Reading the consumers precisely told the real story. The guns fast-fire when the field is ≥ 3 and slow-fire otherwise; the head spawns fire particles when it's nonzero. It's a damage / "on-fire" escalation phase — it's meant to ramp up as the ship gets wrecked. But retail leaves it at 0 until the head dies, by which point everything's already destroyed, so the escalation never fires in the shipped game. A rage mechanic that never rages: effectively cut content.

The proof was the fun part. This time we tested during combat, while the head was still intact: I had Claude force the value between 0 and 5 on a five-second timer while I watched the screen, hands-free. At 5, the dinosaur head visibly catches fire — the damaged look, without being destroyed. That's a kind of evidence you simply can't get from reading code: the value, the render path, and the on-screen result confirmed in one loop.

So we renamed spiritPhase to damagePhase with an accurate comment, the misnamed getter to getDamagePhase, and the "spirit vision" cinematic events to the damage-phase toggles they actually are. Everything we committed was byte-neutral — the renames don't change a single instruction, so the unit still matches retail and the build stays green.

How it works

SFA-Decomp is a matching decompilation: C compiled with the period-correct Metrowerks toolchain to produce byte-identical output to the retail GameCube binary. That's what makes live debugging a superpower here — because the decomp byte-matches retail, the addresses in the symbol map are the live RAM addresses while the game runs. A halted program counter or an object pointer in r3 maps straight back to unit/file.c::Function +0xNN.

Modern Dolphin has no plugin API, but it ships a GDB stub that exposes registers, memory, breakpoints, hardware watchpoints, and step/continue over a TCP socket using the GDB Remote Serial Protocol. So the server is just a small, dependency-free Python program that speaks that protocol directly and exposes it as MCP tools over stdio. No external libraries, no GDB wrapper — about ten packet types plus the PowerPC register map. I've open-sourced the whole thing on GitHub if you want to point it at your own matching decomp.

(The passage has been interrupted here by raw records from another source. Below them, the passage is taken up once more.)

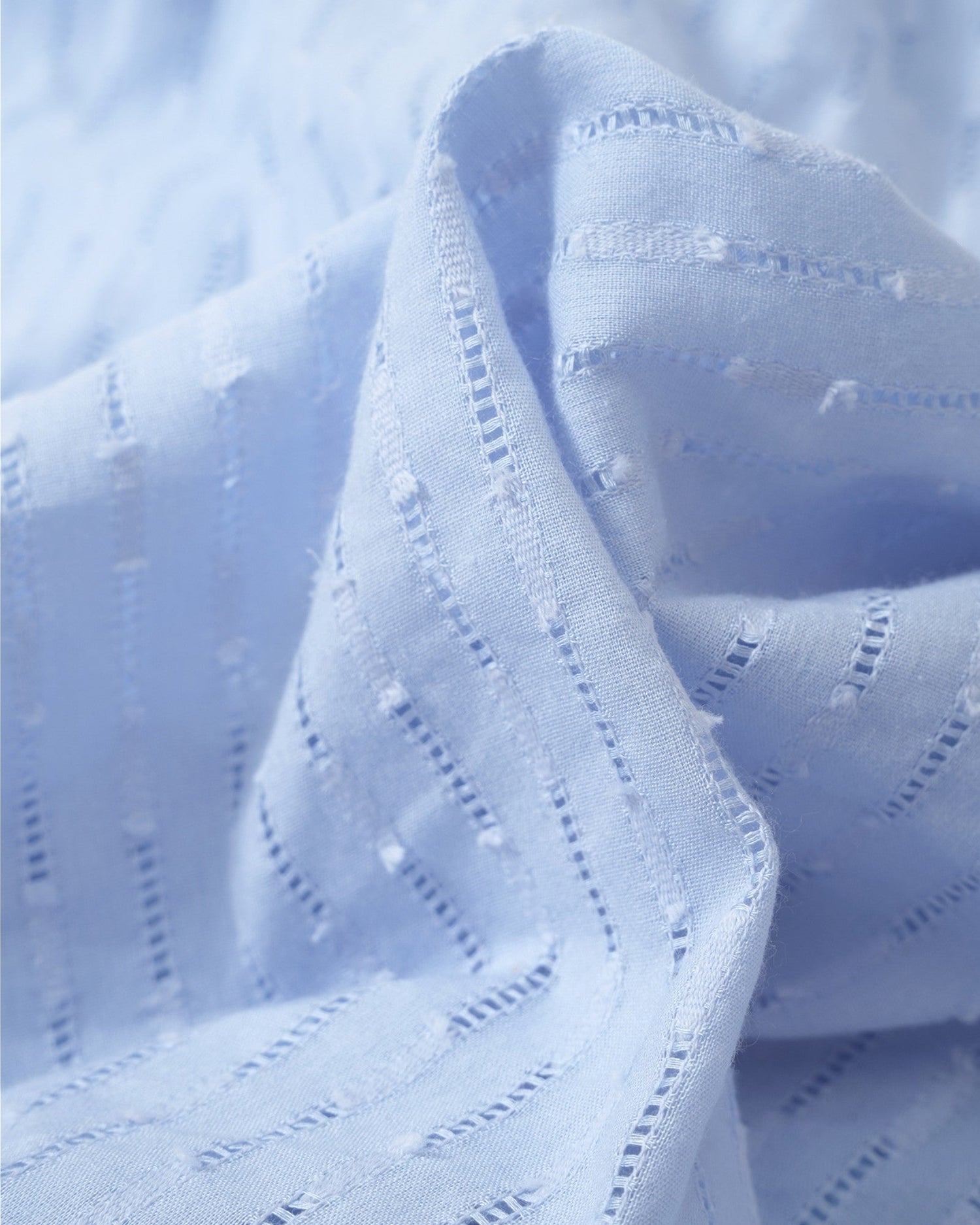 Belicia | Dress with V-neck and ruffled sleeves
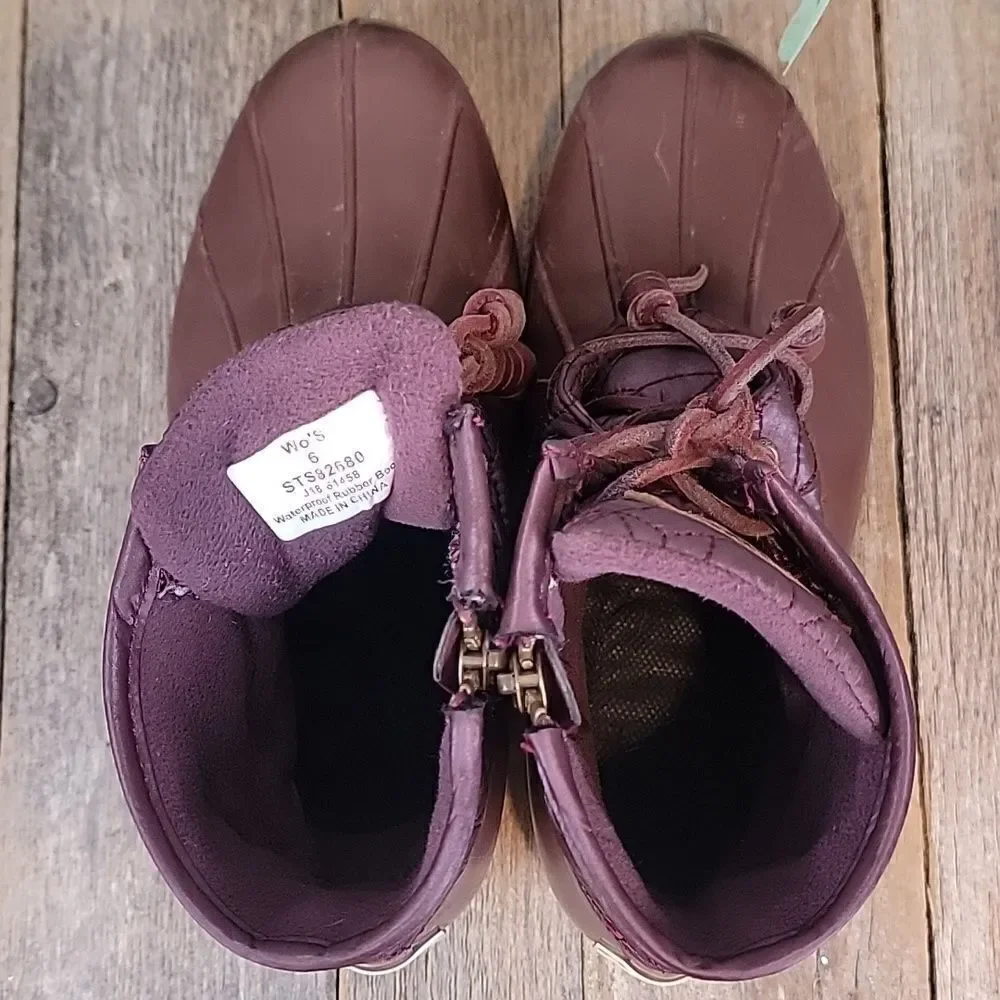 Speery Saltwater quilted nylon duck boots Size 6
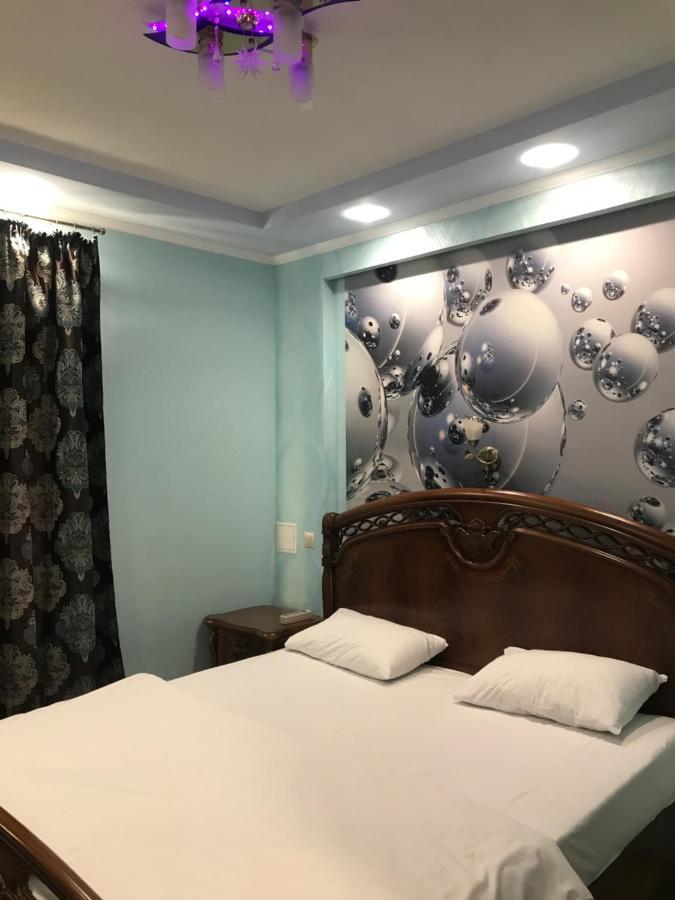 Apartmant In Kpi З Двома Спальнями 키예프 외부 사진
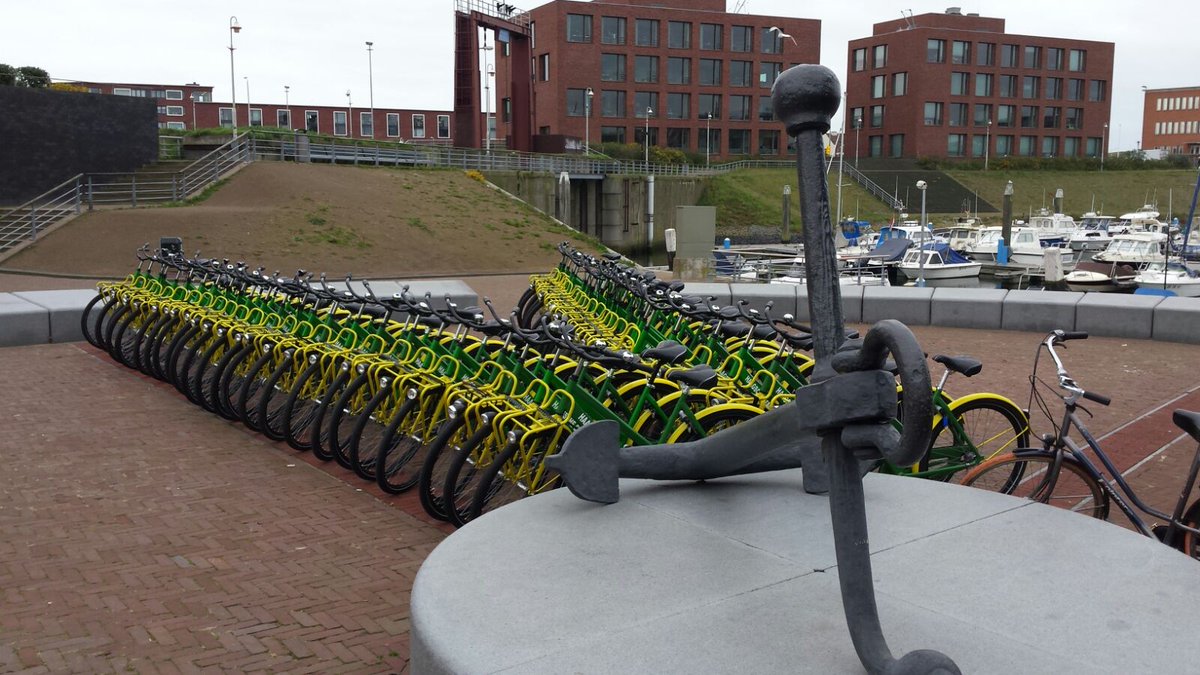 haagschefiets's tweet photo. HSF staan klaar voor tour door @Newsroom070 georganiseerd @GlopeEvents #scheveningen @michelrogier @karstenklein https://t.co/rnnVBQ28zQ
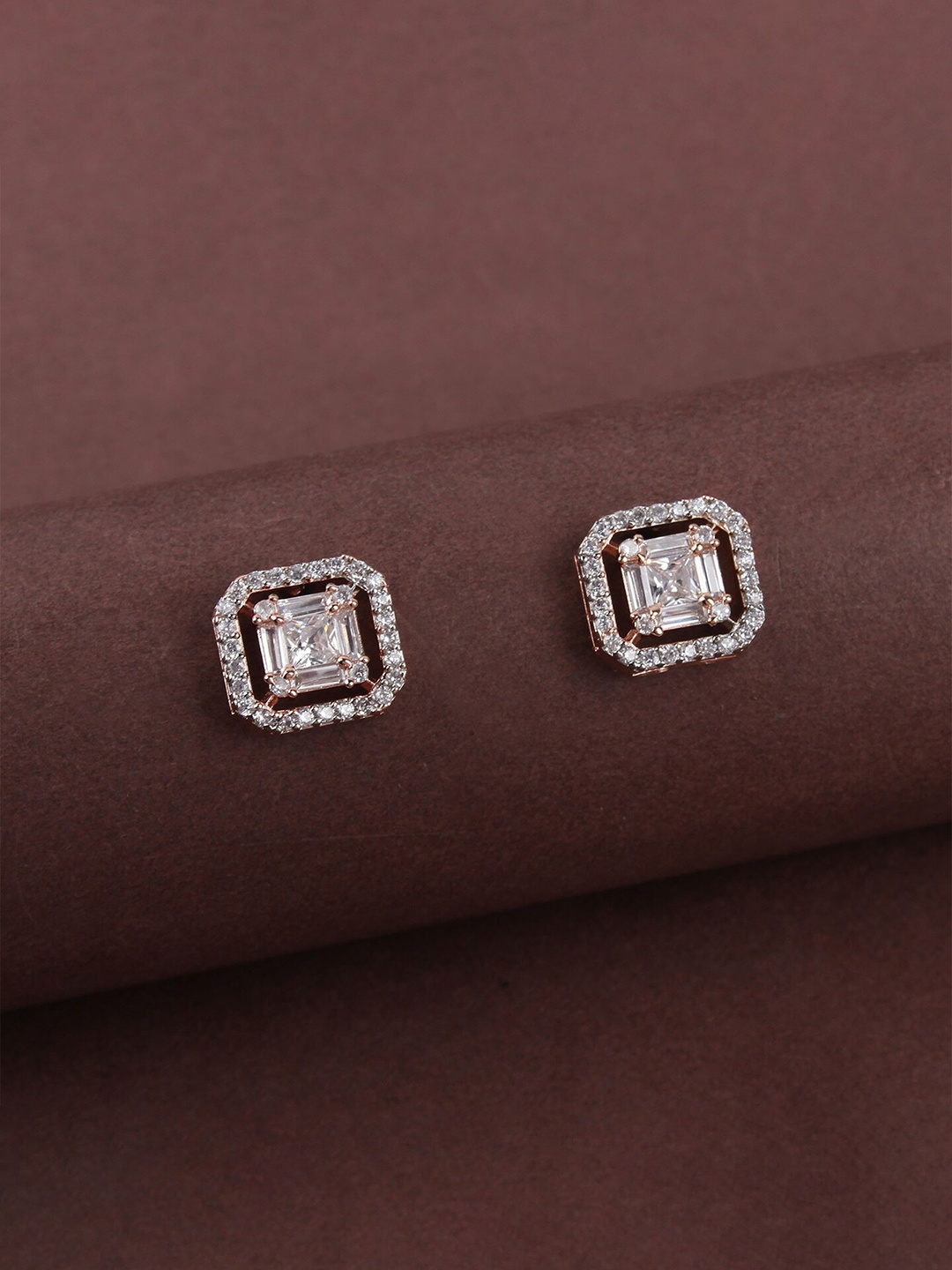 

Mirana Rose Gold-Plated Contemporary Studs Earrings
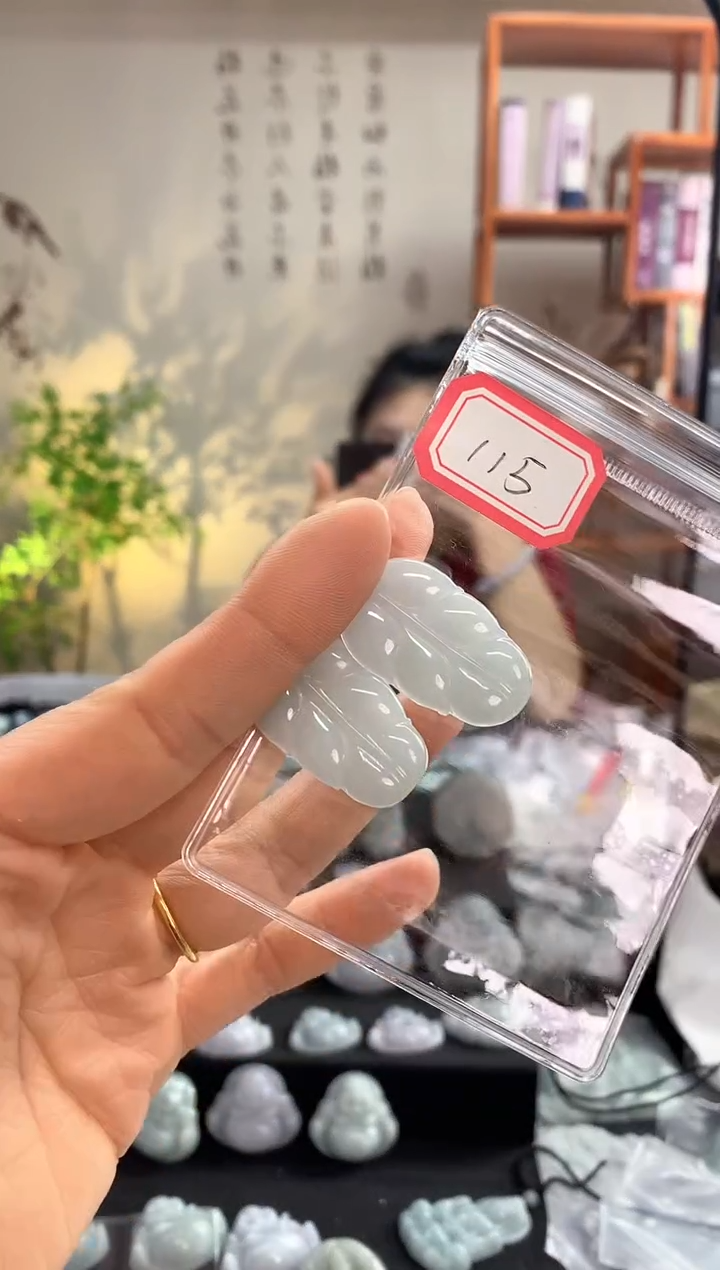 【闪购商品】翡翠吊坠(赠链)银S925镶嵌叶子115 多样性发一件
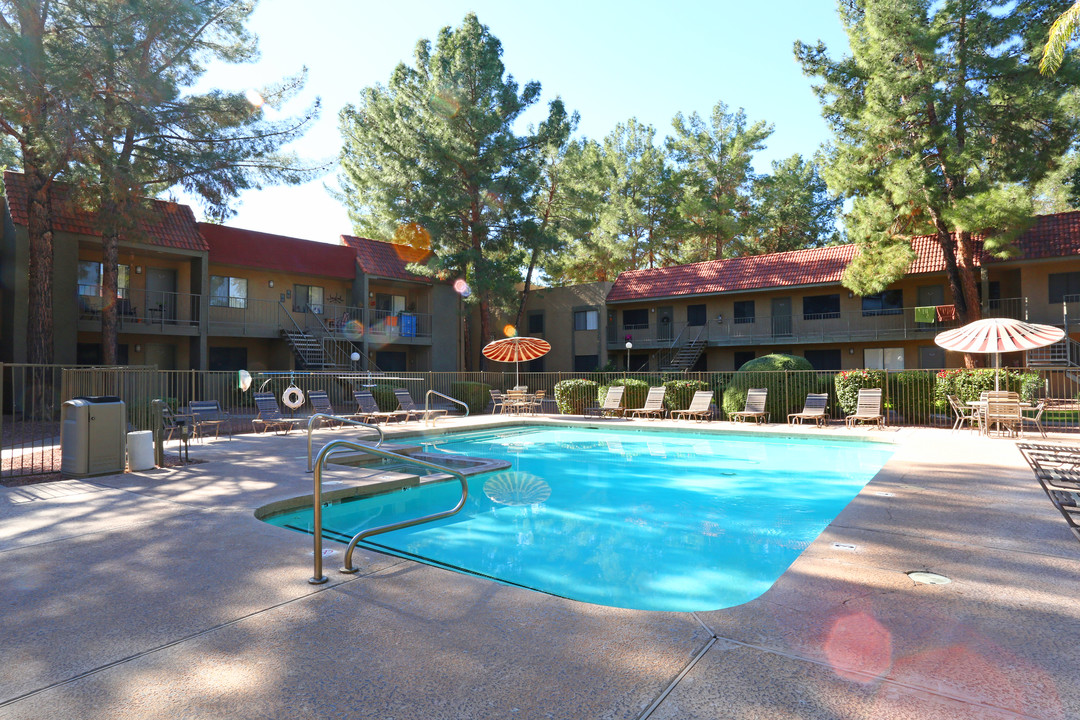 Rancho Sierra Apartments in Phoenix, AZ - Building Photo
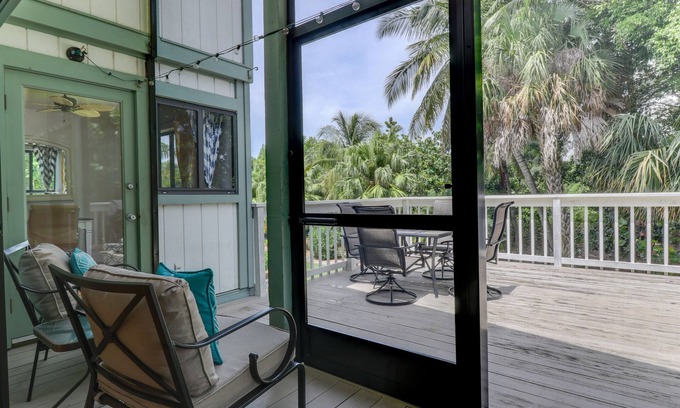 The Dunes House | Oasis Inn the Dunes: Beautiful Pet-Friendly Island Home! Great location!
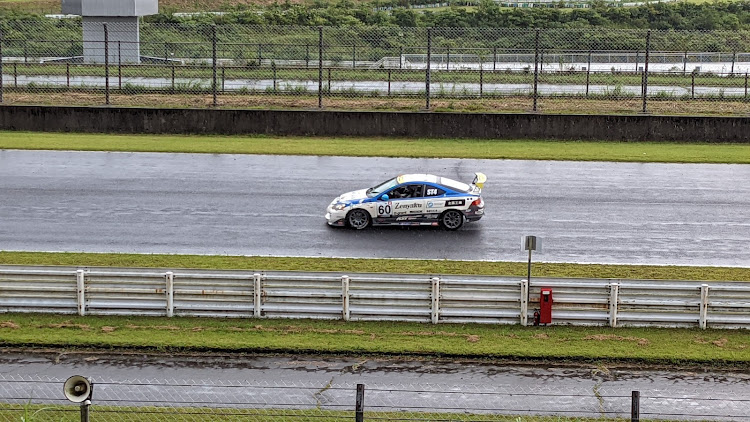 クラウンセダンのオートポリス・スーパー耐久レースに関するカスタム事例の投稿画像3枚目
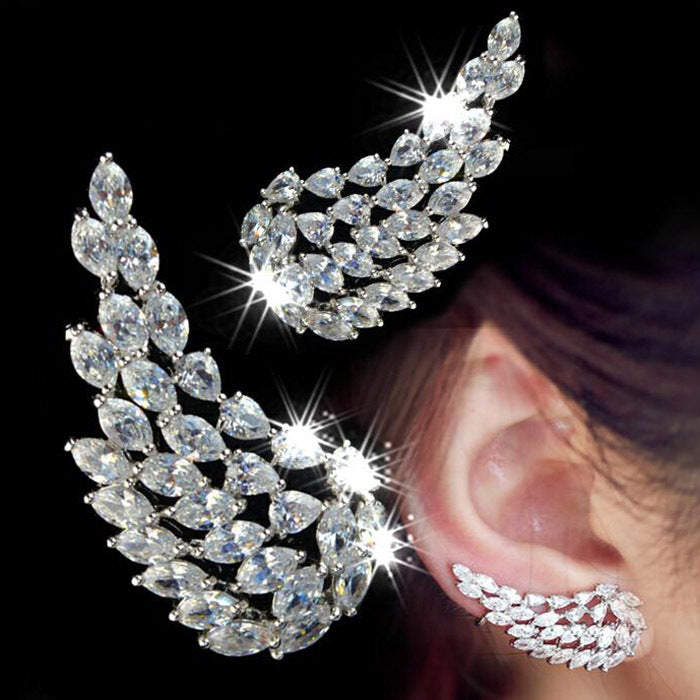 Pendientes de tuerca de alas de ángel con circonita cúbica brillante para mujer, joyería de boda de moda en color oro blanco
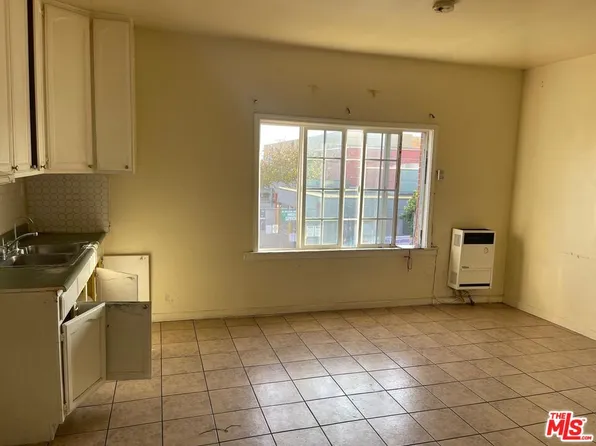 1005 W 46th St #4, Los Angeles, CA 90037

The thing that makes it pleasant is that it's symbol-aware. The server loads the symbol map and the per-unit .text ranges, so every tool that returns an address resolves it. Claude never sees "PC = 0x801ee79c"; it sees SB_CloudRunner_UpdateSteer+0x134 in main/dll/SB/dll_0259_sbcloudrunner.c. That one bit of resolution is what makes the whole thing feel like reverse-engineering a conversation rather than staring at hex. When I searched beforehand I couldn't find an existing Dolphin MCP, so as far as I can tell this is new ground.

What I took away

A matching decomp plus an emulator's GDB stub is a live oracle: the addresses are real, so the debugger turns "what is this field?" into a repeatable experiment.
The single most valuable capability beyond breakpoints was writing memory on a timer to A/B a visual. Reading code tells you what a value should do; flipping it live tells you what it actually does on screen.
The collaboration is the method. Claude is fast at the mechanical parts and good at forming hypotheses; I'm the one who can play the game, watch the screen, and ground its guesses in what's actually happening. I could have done all of this manually, but it would have been much slower.

I keep being surprised by how much this decomp project opens up. Building a little debugger that lets me ask the running game what it's doing — and watching Claude answer while I just play — might be the most fun I've had with it yet.